But to cover publication and production costs, many of these open-access publishers had to charge authors a publication fee. According to John Willinsky, an education professor at Stanford University in California, these ‘article processing charges’ (APCs), which often reach thousands of dollars, can be prohibitive for some researchers who might wish to promote free access to their scholarly papers, but can’t afford to pay the fee.

“The APC is now a deterrent,” Willinsky says. “It’s putting people off.”

In a preprint article posted online last month, Willinsky has sketched a blueprint for an alternative funding model. Instead of authors paying the APC, he suggests that funding agencies and foundations directly cover the APCs for their grantees, with the charges split among backers for authors who have multiple sources of funding. And for the small proportion of articles from authors who lack external support, Willinsky proposes that a coalition of academic research libraries should pick up the tab.

According to Willinsky, such a funder- and library-pay model would eliminate many of the inefficiencies of the existing system, in which authors usually pay the APC out of their grants, but only after their institutions have taken a cut for overhead costs. It would also give large funders such as the US National Institutes of Health (NIH) more leverage to lean on open-access publishers and negotiate lower fees. Plus, he argues, it would make it easier to promote data-sharing and data-mining, as well as advance the long-time goals of universal open access.
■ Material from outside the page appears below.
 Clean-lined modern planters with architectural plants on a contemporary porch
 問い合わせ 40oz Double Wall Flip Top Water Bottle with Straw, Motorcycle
To demonstrate the feasibility of the idea, Willinsky and Stanford undergraduate student Matthew Rusk applied the model to eLife (which until this year, when it started charging an APC, was completely underwritten by three large non-profits), to the seven PLOS journals (which charge APCs ranging from US$1,495 to US$2,900), and to about 25 of the subscription-based titles from BioOne, a journal aggregator. Using data from the NIH’s indexing service PubMed, they showed that 83% of papers from these three journal publishers had at least one funder who could cover processing fees, and libraries would only have to pay about US$1 per article for the remaining unsponsored papers.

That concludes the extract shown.